Üstad Hazretleri bir Cuma günü Erek Dağı’ndan Cuma Namazı kılmak için Van’a gelirken talebelerine, “Ya siz önden gidin veya ben… Beraber olmayalım” derdi. Molla Hamid, “Üstadım, herkes yolda giderken yanında arkadaş olmasını ister; sohbet eder giderler ve vaktin nasıl geçtiğini anlamazlar bile. Ama sen bunu istemiyorsan, hikmeti nedir? ” dedi. Üstad Hazretleri “Siz beni konuşturarak meşgul edersiniz. Halbuki ben yol boyunca, evratlarımı ve zikirlerimi okuyarak zamanımı değerlendiririm. Bakınız gayret çok mühimdir. Mesela yolda gidiyoruz. Birileri de ekin biçiyorlar. Siz, onlara “Gelin şöyle bir oturup birer sigara içelim deseniz, onları işten alıkoyarsınız. Eğer o rastladıklarınız tembel tembel otururken, siz, tırpanla ekin biçmeye başlayıp onları da iş yapmaya heveslendirseniz, ne güzel olur. Ah yarın mahşerde gayretin ne kadar hayırlı olacağını anlasanız bir an bile yerinizde duramazdınız.” diyor. Evet tevekkül tembel tembel oturup durmak değildir. Bizim önce üzerimize düşen sebepleri yerine getirmemiz gerekir. 

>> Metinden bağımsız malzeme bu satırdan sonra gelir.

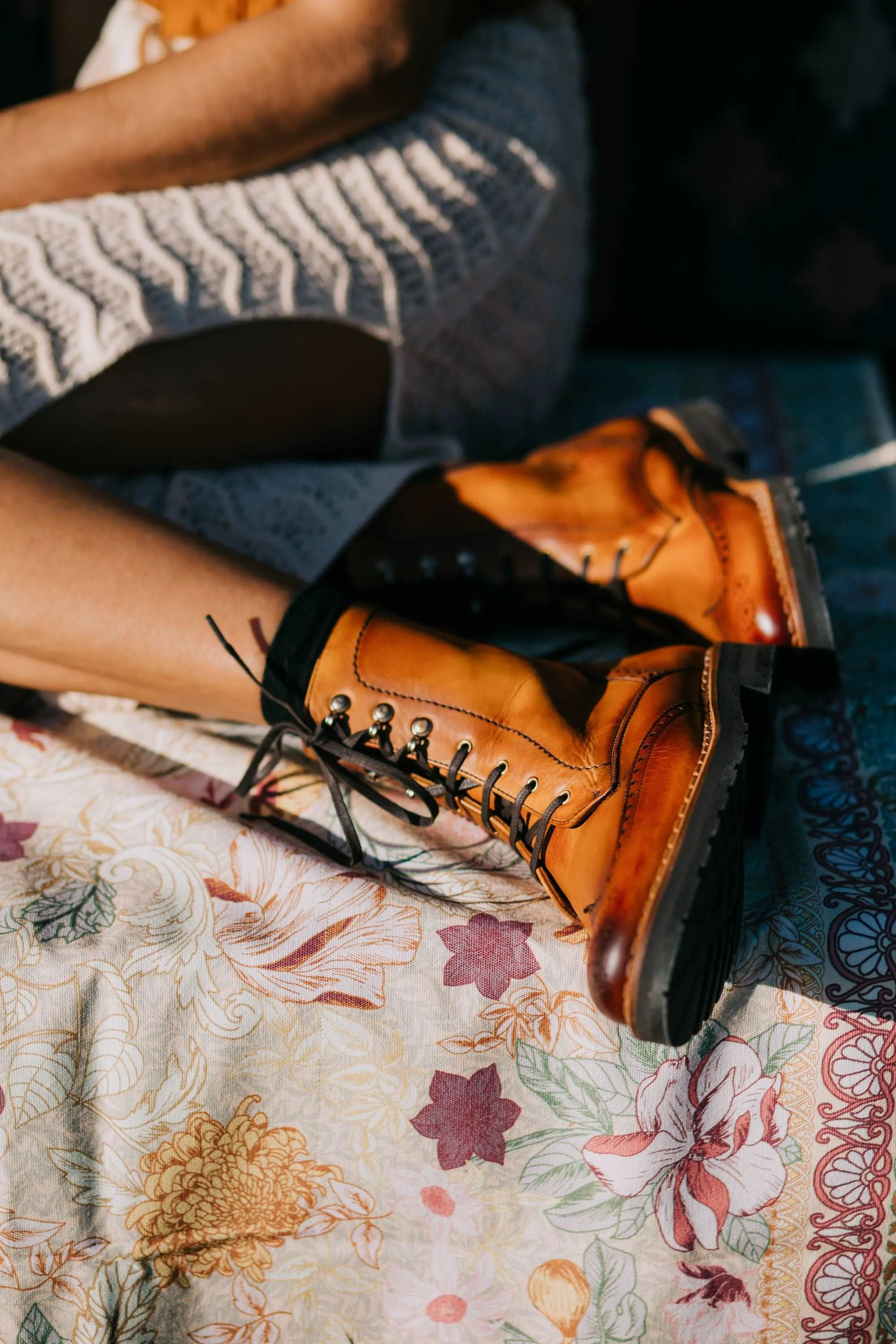 Gaia Lace-up Brogue Boots - Cognac Leather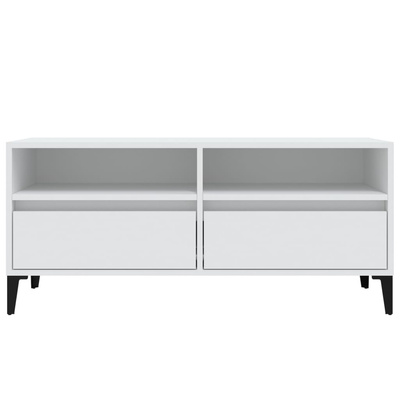 vidaXL Szafka pod TV, biała, 100x34,5x44,5 cm, materiał drewnopochodny wariant 4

Altıncısı: “Sonra da âcizlikten ve kendine güvensizlik ve itimatsızlıktan ileri gelen, ve işi birbirine bırakmak olan, gaddar düşman engeli geliyor. Himmetin şevkini kırarak, elinden tutup oturtturur. Sizde “Siz hidayet üzere olduktan sonra, dalâlete düşen size zarar vermez. ” yüce hakikatını bu gaddar düşmanın üzerine çıkarınız. Tâ, o düşmanın eli o himmetin eteğine yetişmesin.” diyor.


Bazı şeyler sâridir yani bir salgın hastalığın yayılması gibi başkalarına sirayet eder. Bir hizmeti birisi yapmadığı zaman, bu yapmama yanlışlığı başkalarına da bulaşır. Onların bu yanlışı, dava adamına hiç tesir etmez. Bu yanlış zincirini kırmak için onun hemen harekete geçmesi lâzımdır. Bu hususta merhum Yusuf Pekmezci Ağabeyimiz güzel bir örnek teşkil eder. Talebe evlerinde bazan mutfakta bulaşıklar yığılmış olur. Yusuf Ağabey, oraları ziyaretinde ilk işi mutfağa bakmak olurdu ve hiç kimseye sormadan hemen kollarını sıvardı, orayı tertemiz edinceye kadar durmadan çalışır ve ortalığı pampak ederdi. Ama “Kim yaparsa yapsın, bana ne” demeler başlayınca yıkım ve çöküş başlamış demektir. Hani meşhurdur Kanunî Sultan Süleyman süt kardeşi Yahya Efendi’ye danışmak için, bir devletin yıkılış sebebiyle ilgili yazılı bir soru sorar. O zât da, gönderdiği mektubun arkasına, “Bana ne!” diye yazar. Bu cevap karşısında hayrete düşen Padişah, onun ziyaretine gidip, acaba arada bir küslük mü var endişesini dile getirince, “Sultanım, ben sizin sorunuza cevap verdim. Yani herkes üzerine düşeni yapmaz ve “Bana ne! ” derse problemler çözümsüz kalır ve çoğalır ve ülke artık her gün biraz daha idare edilemez hale gelir ve yıkılır.” der.